How about neons and some interesting mirror placement?


----------



## rios (Jun 10, 2002)

hmm, i like the vinyl and the mirror ideas. neons i may put, but where could hook them upto? i alreday have a neone outlet in my cig lighter, but its full (tri socket with thickj gauge wire) power 3 accesory neon tubes. where else can i power the neon tubes from? and vinyl, would it be able to just get vinyl at a linen or whatever store, and wrap it myself?


----------



## nismoprincess (Sep 27, 2002)

rios said:


> *hmm, i like the vinyl and the mirror ideas. neons i may put, but where could hook them upto? i alreday have a neone outlet in my cig lighter, but its full (tri socket with thickj gauge wire) power 3 accesory neon tubes. where else can i power the neon tubes from? and vinyl, would it be able to just get vinyl at a linen or whatever store, and wrap it myself? *


wire the neon to your trunk light so they only go on when you open your trunk 
or wire to a toggle switch


----------



## rios (Jun 10, 2002)

would it be possible if i connected to an existing accesory, like say the liscence plate lights, and use a switch to turn them on, and have them drawing power from the liscense plate lights? cause i dont have a trunk light


----------



## sr20 805 (Oct 7, 2002)

nismoprincess said:


> *wire the neon to your trunk light so they only go on when you open your trunk
> or wire to a toggle switch  *


damn, wouldnt that be too much power tho? i mean, lets say you only put 2 neon tubes, we have to splice the cables and seperate the ground from the positive and hook both positives(from both neons) to the existing wire for the trunk light, then hook the grounds to a piece of metal on the car? i mean, i know how to wire them and all, but would it be too much power going thru that lil wire, i think u might blow something.....


----------



## jlpearl (Jun 9, 2002)

*i thought the same thing...*

i had a long (24" IIRC) neon in my trunk for awhile. I planned on wiring a relay to the stock trunk light , and then getting power from my distibution block (for my amps). To test things out I just plugged the neon into the socket, temporarily, and it never blew the trunk light fuse. I even had some wire ends that fit in the socket!! Not exactly super professional but my test method worked so I left it alone.


----------



## sr20 805 (Oct 7, 2002)

ok, i'm gonna go out and buy some neon tubes for my trunk then.......see if this works, but if i splice the cables, and the tubes break/burn out, i wont be covered under warranty


----------



## nismoprincess (Sep 27, 2002)

sr20 805 said:


> *ok, i'm gonna go out and buy some neon tubes for my trunk then.......see if this works, but if i splice the cables, and the tubes break/burn out, i wont be covered under warranty *


I hooked some up on a friends car once and they never blew out. But if your worried about it run them up to a toggle switch


----------



## sr20 805 (Oct 7, 2002)

nismoprincess said:


> *I hooked some up on a friends car once and they never blew out. But if your worried about it run them up to a toggle switch *


will do.....thanks princess


----------



## NissanTuner (Dec 1, 2002)

Other option is to fiberglass your trunk and display it with neons and lexan sheets, then just carpet the floor. Its more expensive, but a lot flashier.
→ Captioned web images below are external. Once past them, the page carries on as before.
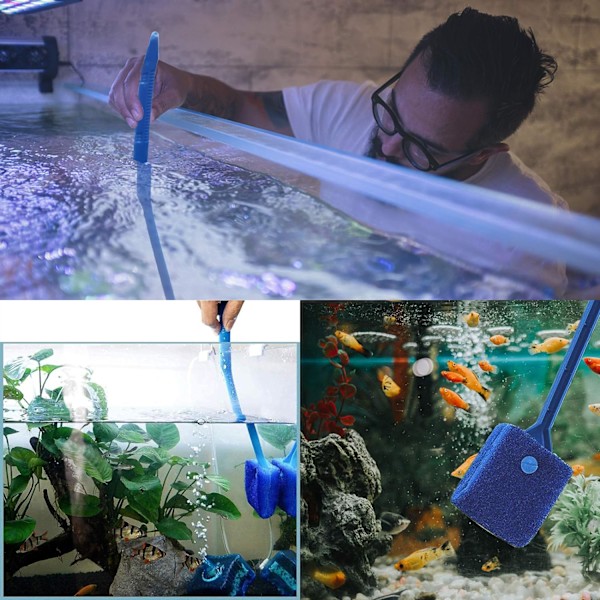 Blå-1 stk. Svampe Fisketank Rengøringsbørste 40CM Dobbeltsidet Fisk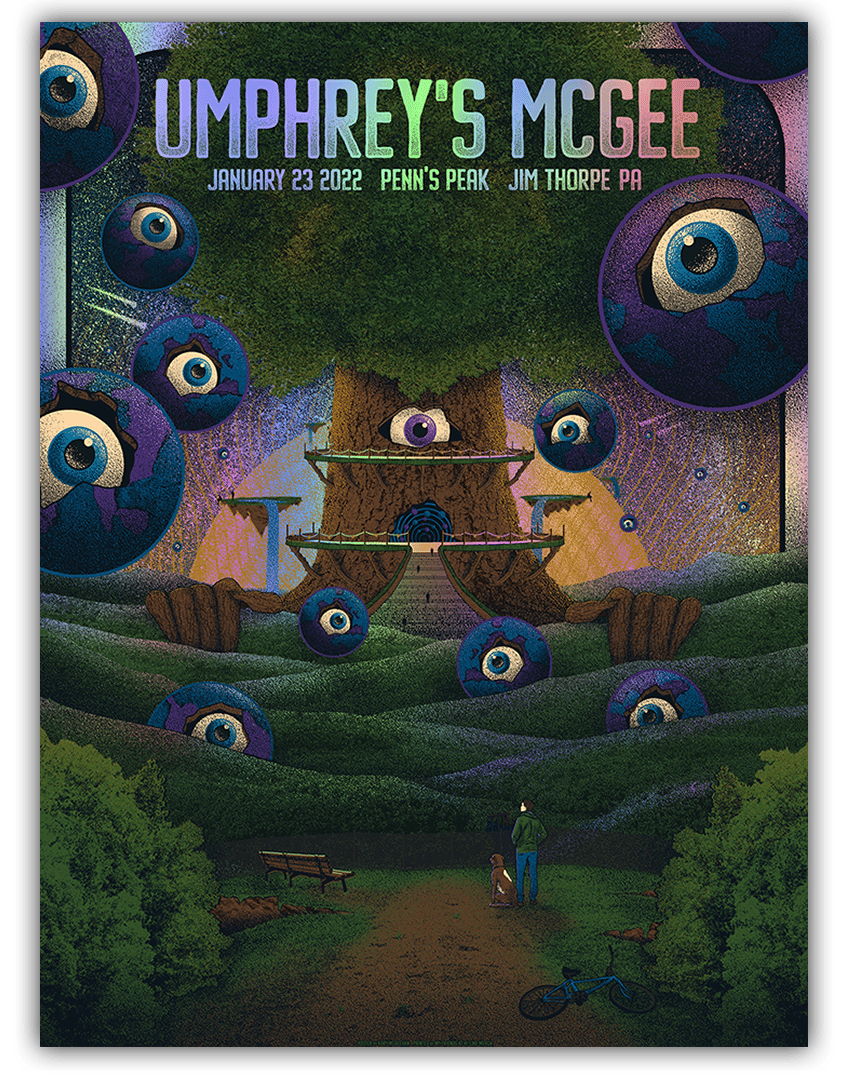 Umphrey's McGee Penn's Peak 2022 Foil Event Poster 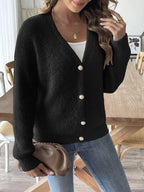 Button Up V-neck Long Sleeve Cardigan (11)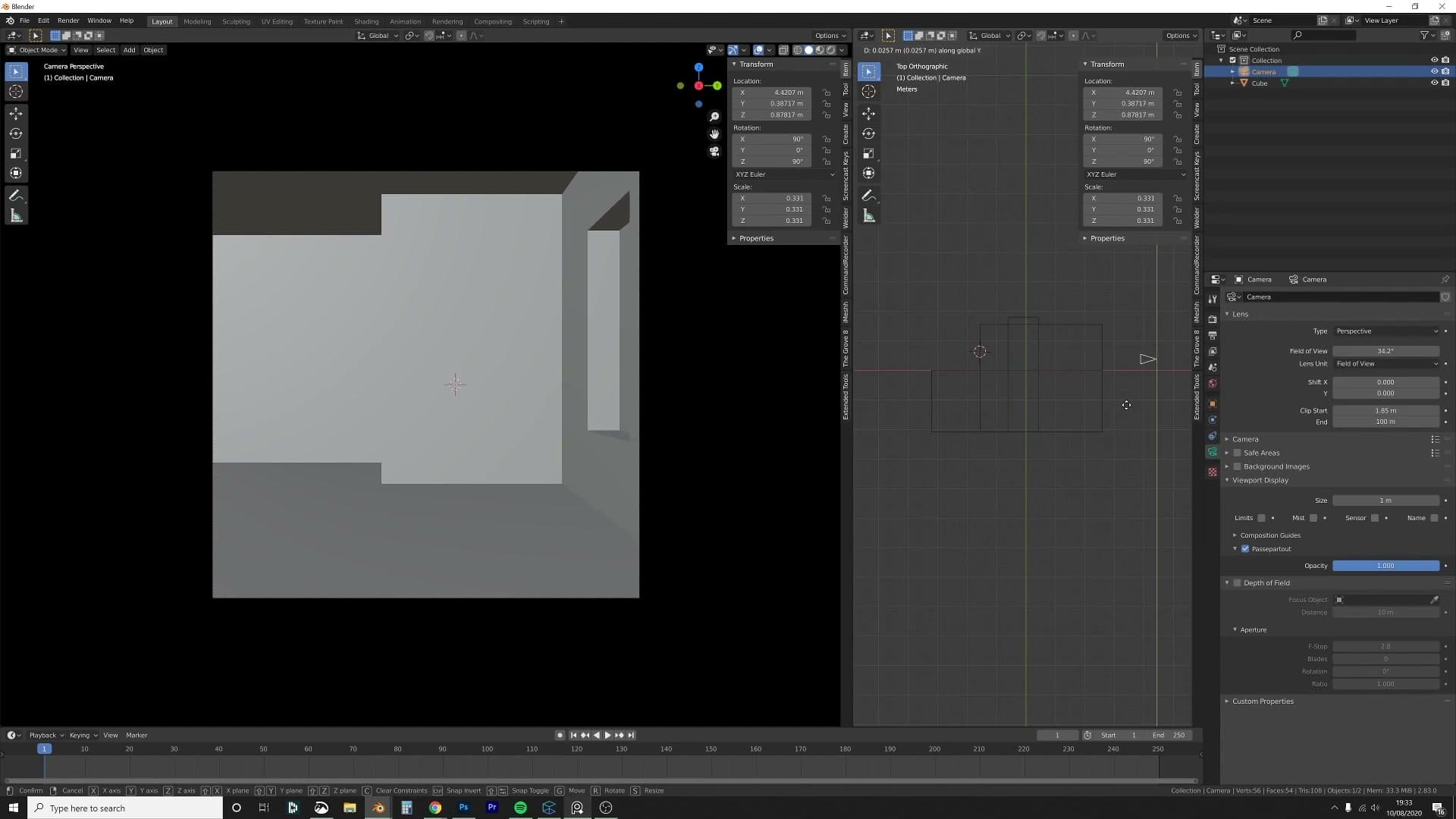 Loop cuts and Ctrl+B bevel define the first window opening. The back wall is shifted back to open up the room.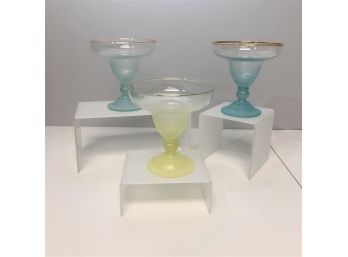 Vintage Blendo Frosted Daiquiri Glasses Yellow & Blue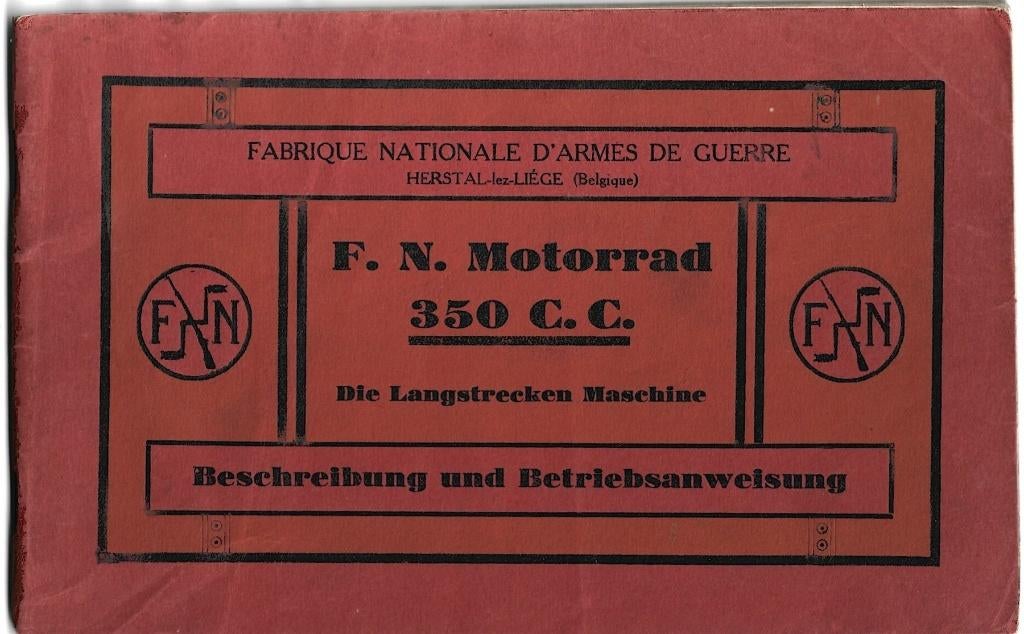 FN 350cc model 1929 Betriebsanleitung handboek (FN29), Ophalen of Verzenden, Overige merken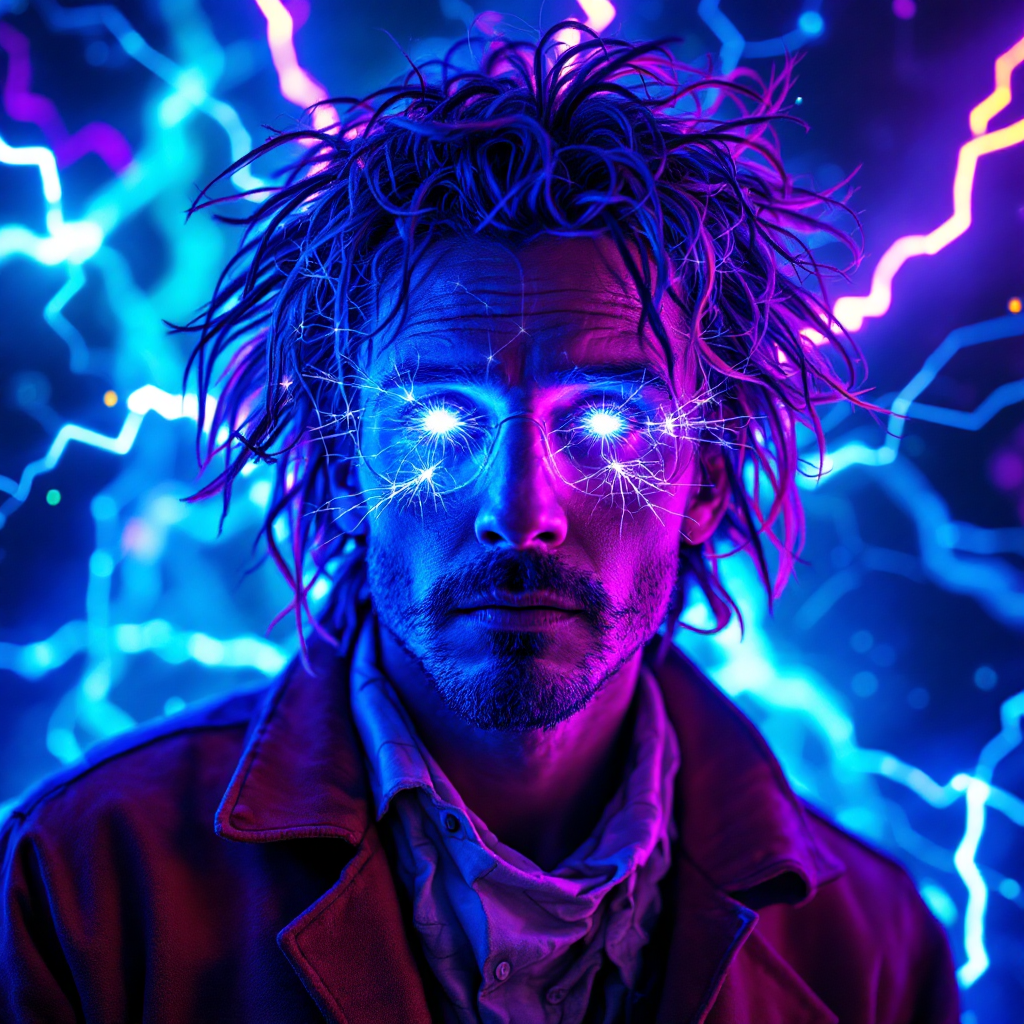 A man with wild hair and glowing eyes stands against a backdrop of electric blue and purple lights, embodying a mix of genius and naïveté inspired by a thought-provoking quote.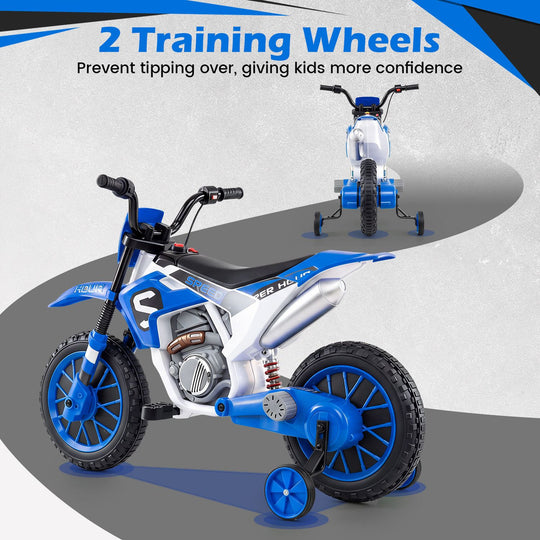 12V Kids Motorcycle with Training Wheels and Spring Suspension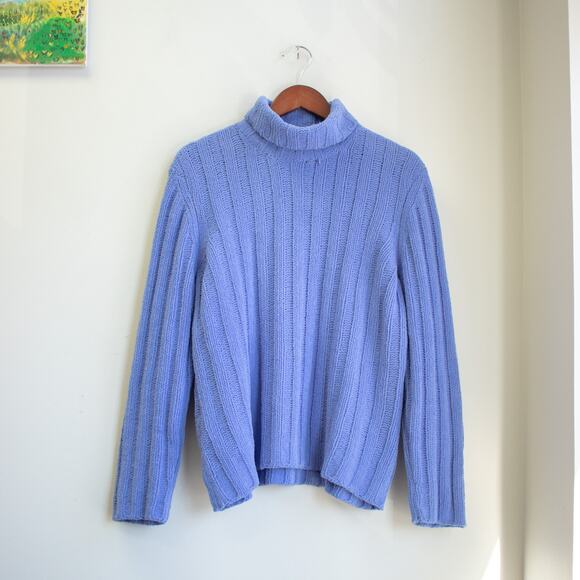 Basic Editions Comfy Ribbed Blue Turtleneck Sweater Size Extra Large - Picture 1 of 7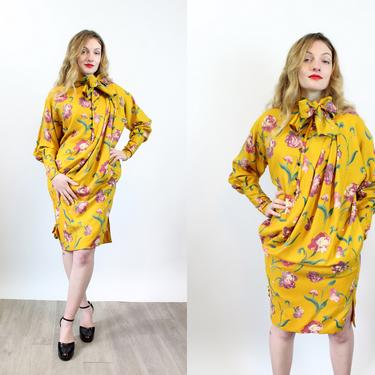 1980s UNGARO parallele FLORAL dress small | new winter 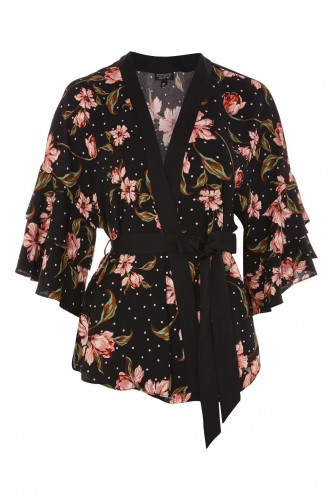 TOPSHOP Spotted Floral Print Kimono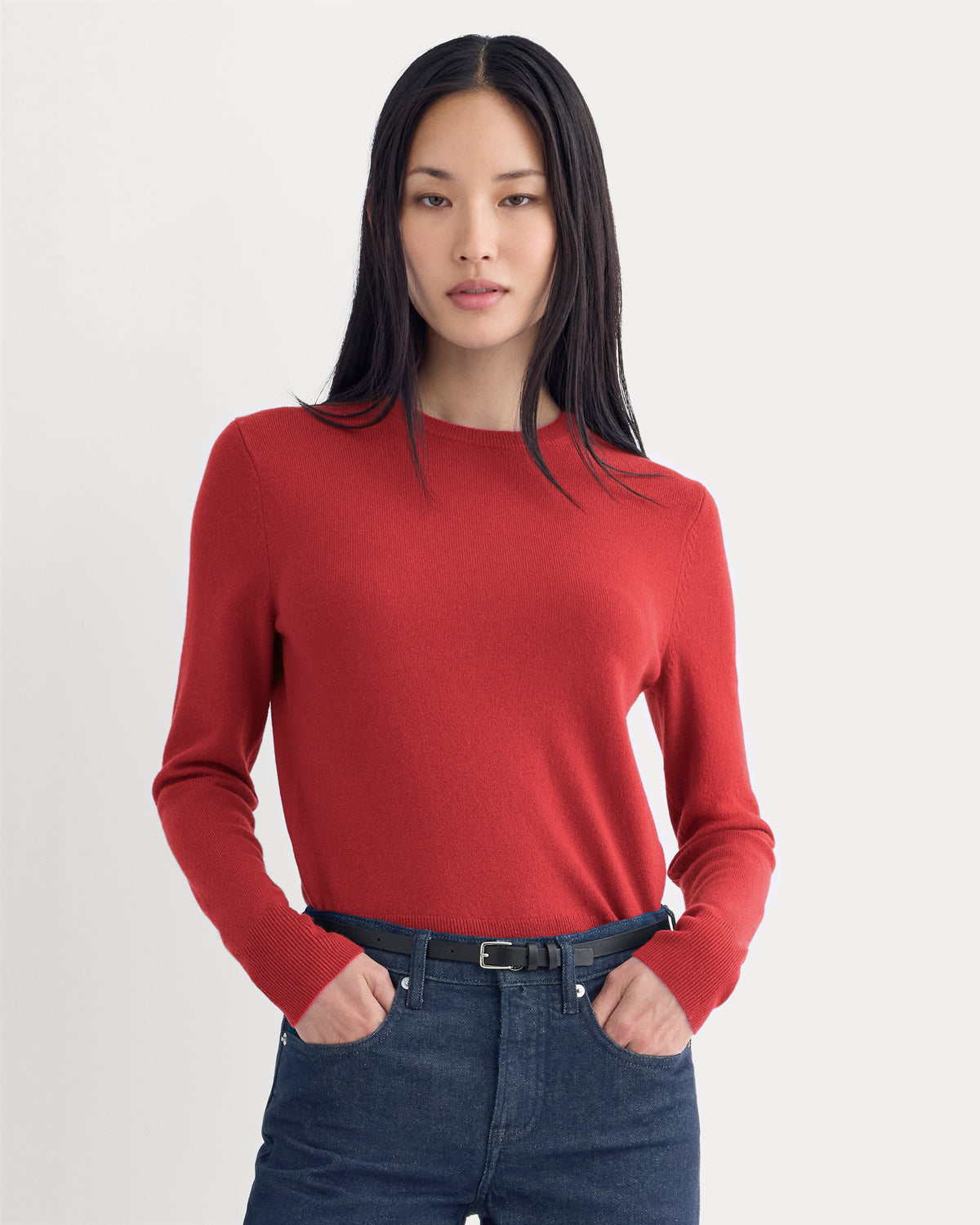 Cashmere Slim Crew Sweater | Vintage Red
I just bought all the supplies to do my trunk about 3 weeks ago, with all the fiberglass mat, resin, hardener, disposable brushes, rubber gloves, fabric, bondo, dynamat extreme etc, it ran about 200 bucks.

an 8 square foot sheet of fiberglass mat here is 5 bucks, cloth is 5 bucks as well, resin was 25 bucks for like a half gallon container, 10 bucks for a gallon of bondo and hardener, then there were miscellaneous fee's for lumber to build wood molding, and about 24 square feet of 60/40 fleece (stretchy kind) to build the base for the shell molding that the mat ultimately goes on.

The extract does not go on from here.